Lately I find myself often thinking about death. Must be the age. You wake up with aches and pains in your body and you realise you are not as young as your brain thinks. Waking up from a night's sleep feels the same as when you went off to bed. Your motor response aren't as fast and you don't remember things as well as you used to.

Do you, like me, wonder how your end is going to be? Will it be painful, I wonder? Will it be sudden or will it be slow and miserable? Who will be with me when I go? Will people care enough to see me go, be it happy or otherwise?

I was reading this blog about a husband who is currently taking care of his bed bound wife. In one of his entries, he said, he remembered being asked by the wife whether he would remarry should something happen to her? I turned to Abg and asked him the same. He said he didn't know.

I understood. One can never know what one will really do unless one is faced with the reality.
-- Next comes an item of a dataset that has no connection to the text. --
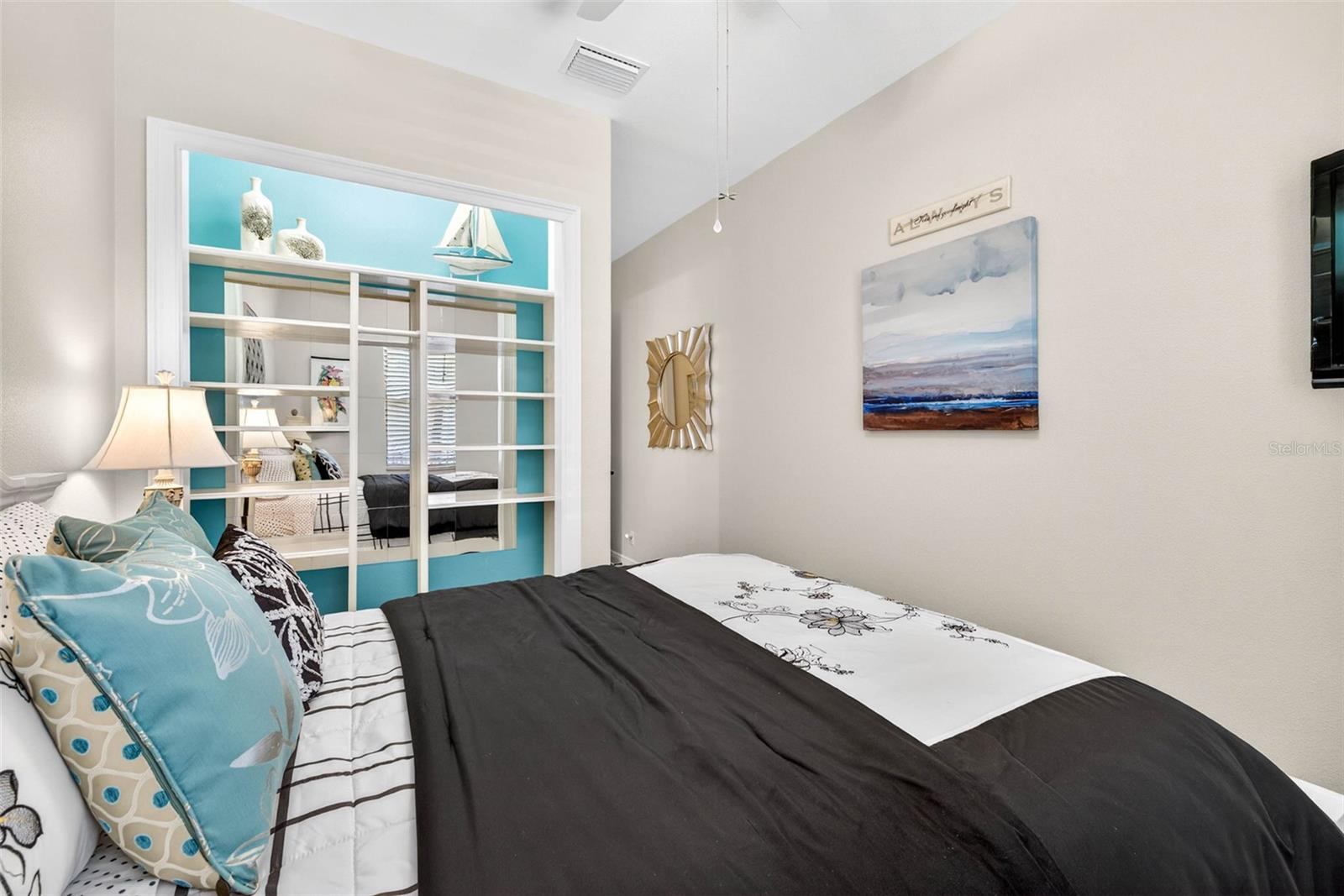 REDINGTON SHORES YACHT & TENNIS CLUB - Residential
You can say A or B or all the letters of the alphabets but only when the truth hits you in the face will you know for sure what your actions will be.
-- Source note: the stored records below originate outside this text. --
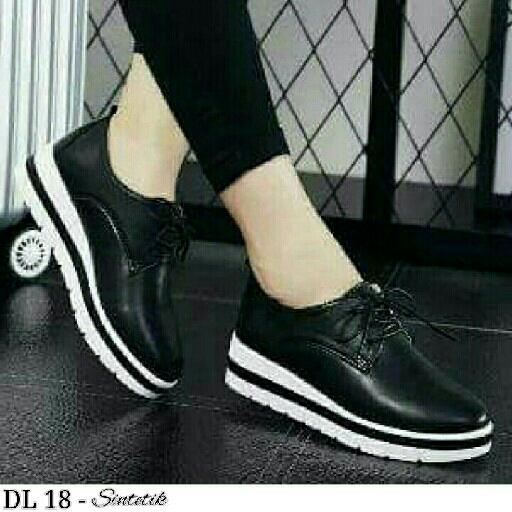 DL 18 Hitam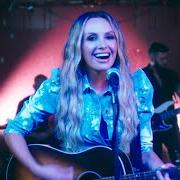 El texto musical YOU KISSED ME FIRST de CARLY PEARCE también está presente en el álbum Carly pearce (2020)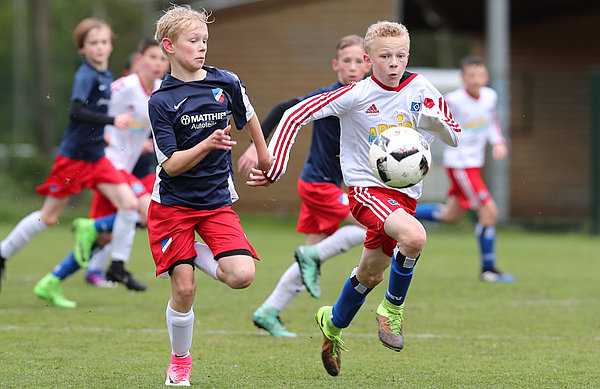 Zur Halbzeit führte der HSV mit 1:0 gegen Nienstedten. Zur Halbzeit führte der HSV mit 1:0 gegen Nienstedten.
After a while, Abg said, "Well, if I were to go first, I would like you to remarry" - to which I harrumphed so ungraciously and said, "Takde dah orang nak kat saya [No one would want me]" but in truth, what I wanted to say was "I was lucky to have found you and I don't think I would be lucky again".

Then I look around my beautiful home and think, all this would be unnecessary and absolutely useless when I die. I guess if people thought about their demise more often and with all seriousness, less people will be greedy or materialistic. As it is, I find greed so abominable - to think that it can make people so self centered and selfish. Life would be better if people started thinking about other people.
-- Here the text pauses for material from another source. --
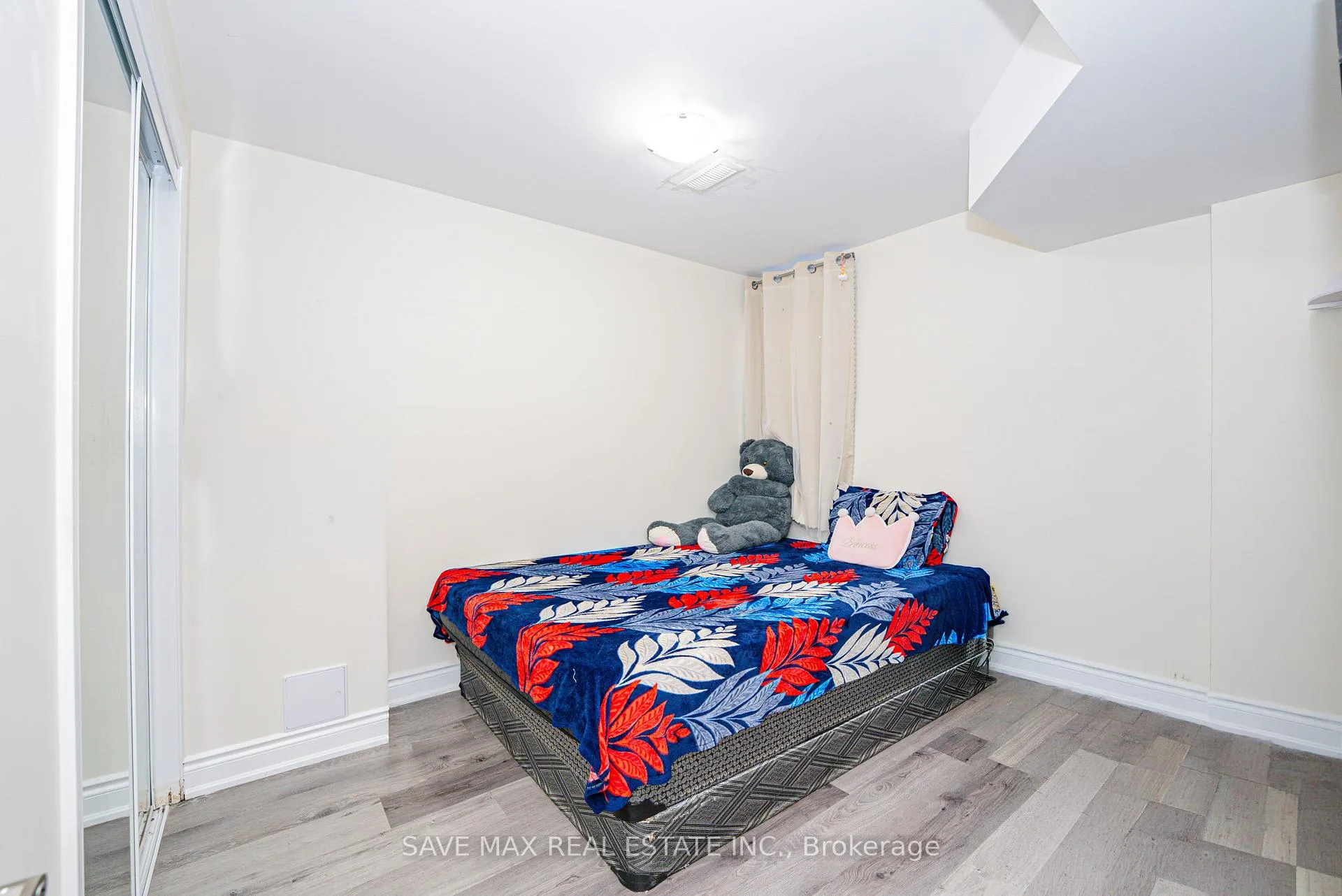 Photo 46 of 18 Monceau Road, Brampton, Northwest Brampton — HOMEH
and what about my cats? I look at Spicy, my three legged madame who, despite her handicap, has no problem climbing up to the dinner table to lie by my arm as I am writing this. Who will take care of you when I die? I hope you have been happy staying with me. God knows what kind of suffering you have gone through before I found you mewing sadly in front of the mamak stall.

I guess you will never know when death will come unless it is staring you right in the face. Whatever end HE has in store for me, I hope HE will be merciful and all caring. Amin.


1 comment:

Formerly known as Superwomanwannabe! said...

Oh dear oh dear..what has brought about this contemplative mood??


you know, I think about death all the time..I tell my kids all the time, if we were to go , you are to stay with my parents. I probably traumatise them

i hope it wont be painful! I cant quite decide if its better to go after a prolonged illness-- so that you can say bye bye and taubah OR is it better to just go suddenly?? Argh so better to prepare as if you are going anytime..

Yeah I can be quite morbid jugak

But you know what Doc Yana ...doing all this does make you appreciate what you have all the more...even your cat Spicy have made your life...er...spicier!!

Eh macam blog I pulak..stay sweet my dear!